Re: Hirschprung's - Urgent rqst ACHE. (Long!)
|From:||"J. A. Kiernan" <email@example.com>|
On Sun, 8 Apr 2001, David & Marjorie Cardwell wrote:
> A clinician wants us to carry out the ACHE procedure for Hirschprung's
> Disease. One of our pathologists has experience in reading them at a
> paediatric hospital, and I have done the lab procedure many times before,
> but I don't have a copy of the procedure.
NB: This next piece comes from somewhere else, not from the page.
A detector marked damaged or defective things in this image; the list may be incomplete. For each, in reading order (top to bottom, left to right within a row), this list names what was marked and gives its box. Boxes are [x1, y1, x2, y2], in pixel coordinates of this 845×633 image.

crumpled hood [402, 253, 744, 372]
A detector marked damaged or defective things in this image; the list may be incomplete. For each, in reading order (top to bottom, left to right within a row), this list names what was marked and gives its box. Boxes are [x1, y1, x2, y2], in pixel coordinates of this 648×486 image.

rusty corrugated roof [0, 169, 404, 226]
Here is a procedure. This is published (copyright) material, so please
use it but don't disseminate it without prior permission and due
acknowledgement of the printed source. I'm sending it to you verbatim
because you say this is a matter of clinical urgency. You should urge
the clinician to buy any one of dozens of textbooks that contain
instructions for simple histochemical procedures. There are several
techniques for acetylcholinesterase activity, and this may not be the
one you have used before. The only book that gives an authoritative
account (IMHO) is Vol 3 of Pearse's Histochemistry (ed. Stoward &
Pearse, 1991). This covers the whole field of enzyme histochemistry
and it costs about US$180. How does this compare with a pathologist's
fee for making a diagnosis of Hirschsprung's in one child?
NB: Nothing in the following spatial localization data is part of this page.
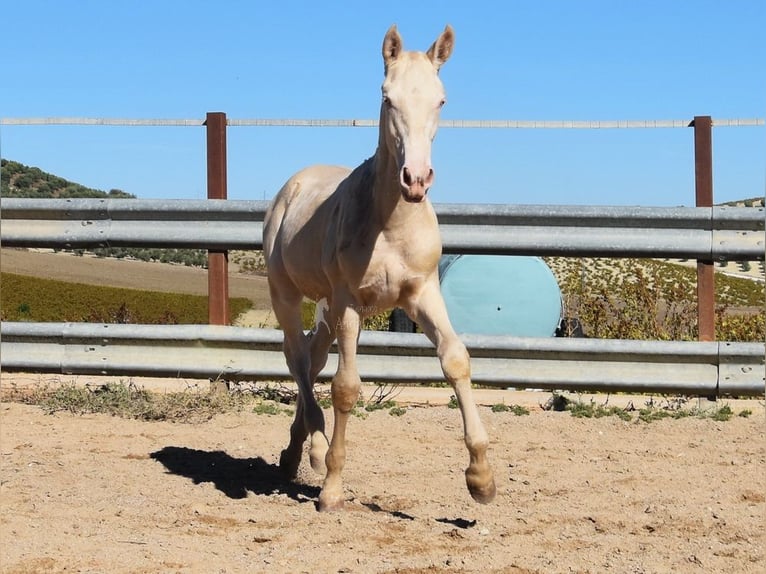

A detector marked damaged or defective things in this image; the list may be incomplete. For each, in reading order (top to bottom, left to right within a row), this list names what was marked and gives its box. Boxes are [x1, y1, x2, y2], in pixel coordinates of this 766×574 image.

rusty steel post [206, 113, 230, 328]
rusty steel post [692, 116, 716, 342]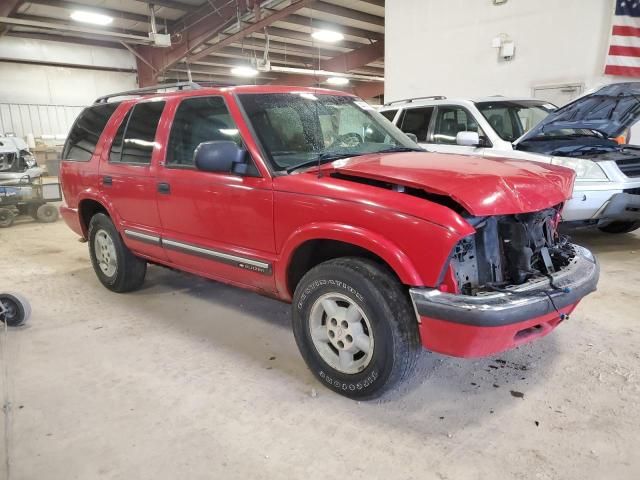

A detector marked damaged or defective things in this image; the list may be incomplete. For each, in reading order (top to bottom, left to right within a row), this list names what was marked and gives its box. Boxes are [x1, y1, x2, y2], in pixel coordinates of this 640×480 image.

crumpled hood [516, 81, 640, 145]
crumpled hood [330, 152, 576, 216]
damaged front end [410, 204, 600, 358]
damaged bumper [410, 246, 600, 358]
Here's the method. It doesn't include bibliographic details for the
references. These are in the book, but for an urgent case you won't
have time to go to the library. This is just an informal internet
message, of no academic, clinical or scientific value. If you use
the technique and a wrong diagnosis is made, the pathologist who
requested the procedure and examines the slides is answerable for
being unable to give you proper instructions.
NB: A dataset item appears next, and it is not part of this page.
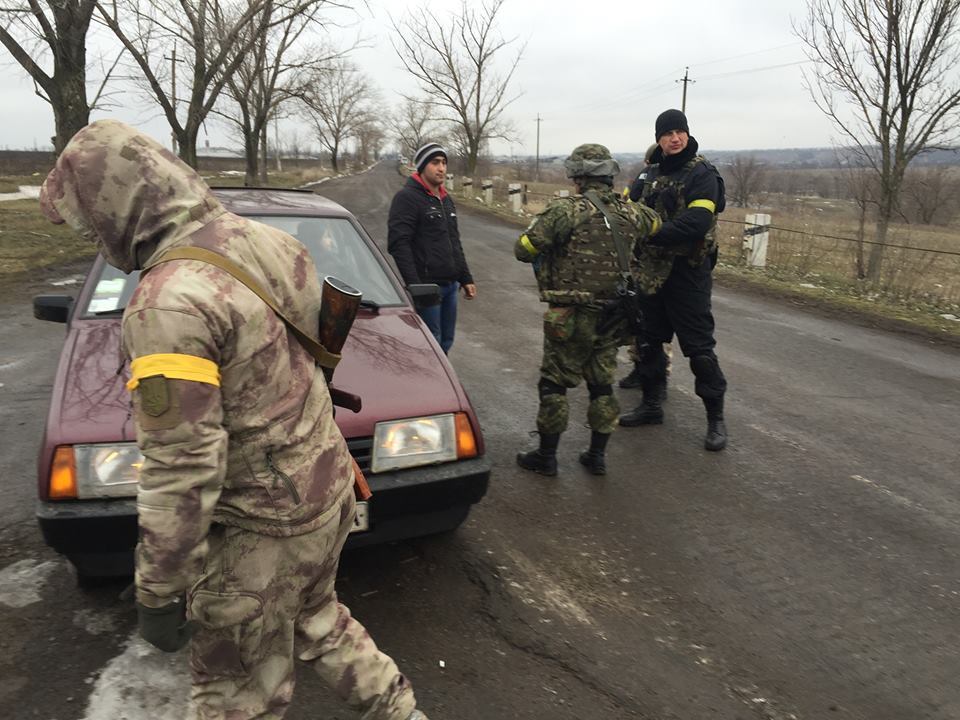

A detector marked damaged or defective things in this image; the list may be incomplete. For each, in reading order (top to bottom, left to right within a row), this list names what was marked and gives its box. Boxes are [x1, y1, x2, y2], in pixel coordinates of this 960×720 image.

cracked asphalt [1, 163, 960, 720]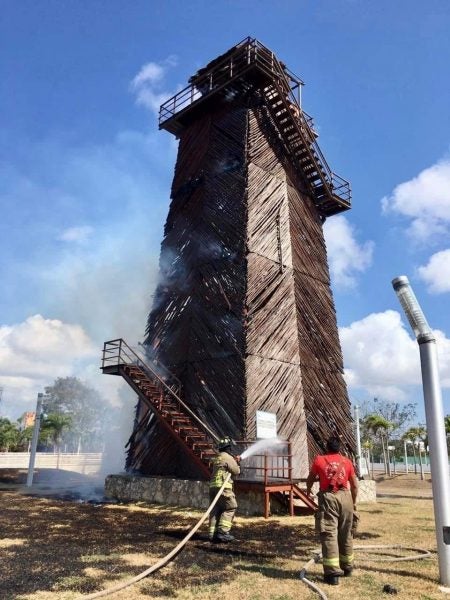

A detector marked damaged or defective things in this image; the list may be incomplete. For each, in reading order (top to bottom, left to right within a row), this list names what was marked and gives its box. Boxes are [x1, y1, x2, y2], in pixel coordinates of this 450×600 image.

charred wooden tower [124, 37, 356, 478]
This is the direct-colouring method of Karnovsky & Roots (1964), with
modifications based on the work of Hanker et al. (1973) and Tago et
Frozen sections are cut from specimens fixed at 4°C for 12-24 hours in
formal-saline or neutral, buffered formaldehyde. Glutaraldehyde (1.0-3.0%,
pH 7.2-7.6) is also a suitable fixative. Formal-sucrose-ammonia (formalin
(40% HCHO), 10 ml; sucrose, 15 g; strong ammonia (NH4OH, S.G. 0.880), 1.0
ml; water to 100 ml) is superior to neutral buffered formaldehyde for the
preservation of these enzymes (Pearson, 1963; Pearse, 1972)***.
Two incubation media, C.(1) and C.(2), are prescribed, each for a
A. Substrate and inhibitors
(i) Acetylthiocholine iodide (substrate for AChE)
(ii) Butyrylthiocholine iodide (substrate for ChE)
(iii) Inhibitors, according to the requirements of the investigation.
The solid substrates are stored desiccated at -20°C. Instructiuons for
using inhibitors are given in Section 15.2.6.
B. Stock solution for incubating medium
0.1 M acetate buffer, pH 6.0 (see Chapter 20): 65 ml
Sodium citrate (trisodium salt; dihydrate): 147 mg
Cupric sulphate (anhydrous): 48 mg
Water: to make 100 ml
Dissolve, then add:
Potassium ferricyanide (K3Fe(CN)6): 17 mg
This pale green solution keeps for about 1 week at room temperature. It
should not be used if it contains a brown precipitate.
C.(1). Incubation medium (working solution, full strength)
Dissolve 5.0 mg (approximately) of either acetylthiocholine iodide or
butyrylthiocholine iodide in a drop of water and add 10 ml of solution
B. This medium is stable for several hours and may be used repeatedly if
not cloudy, but should be discarded at the end of the day. This medium is
used for tissues containing high enzymatic activity, including skeletal
muscle (motor end-plates).
C.(2). Incubation medium (working solution, 10 x dilution)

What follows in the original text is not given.